What is being asked → Your answer must be an exact copy of the listing, with the images left out.
** Information supplied follows **
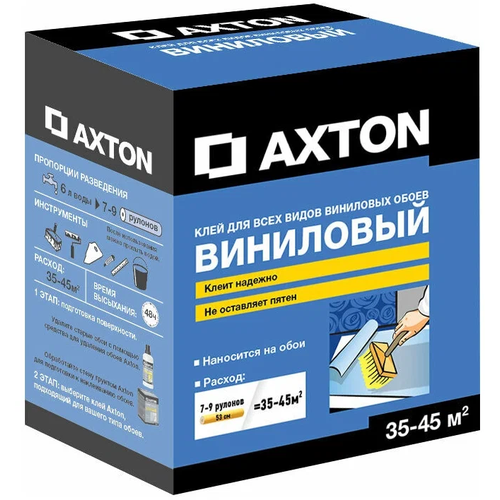 Клей для виниловых обоев Axton 35-45 м2 клей для виниловых обоев axton 35 45 м2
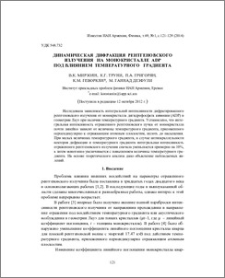 Динамическая дифракция рентгеновского излучения на монокристалле ADP под влиянием температурного градиента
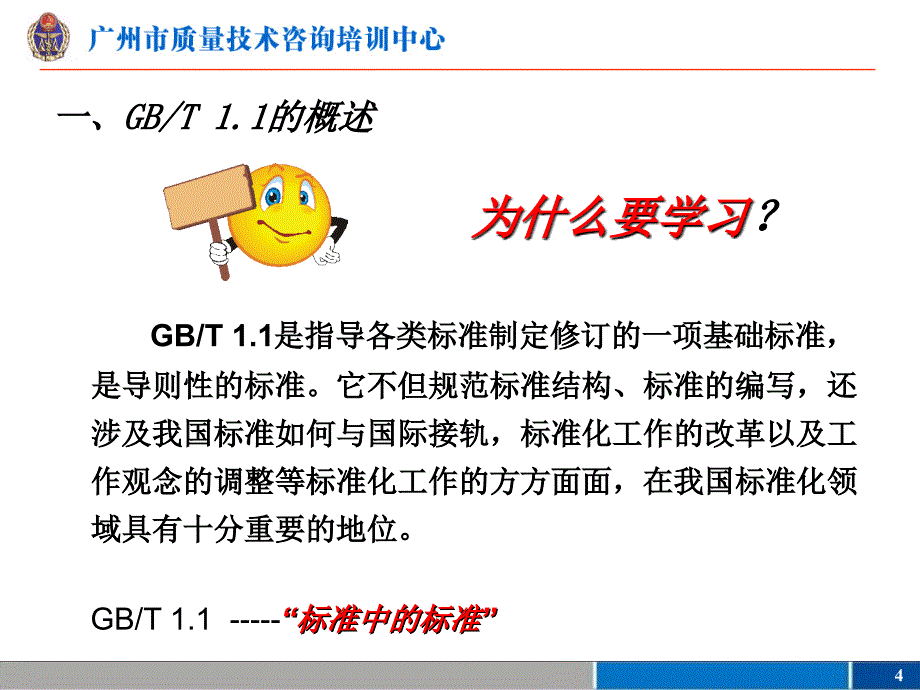 企业产品标准编写和企业标准体系建立.ppt_第4页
** End of Information supplied **
Answer for the task →
 Клей для виниловых обоев Axton 35-45 м2 клей для виниловых обоев axton 35 45 м2
 Динамическая дифракция рентгеновского излучения на монокристалле ADP под влиянием температурного градиента
 企业产品标准编写和企业标准体系建立.ppt_第4页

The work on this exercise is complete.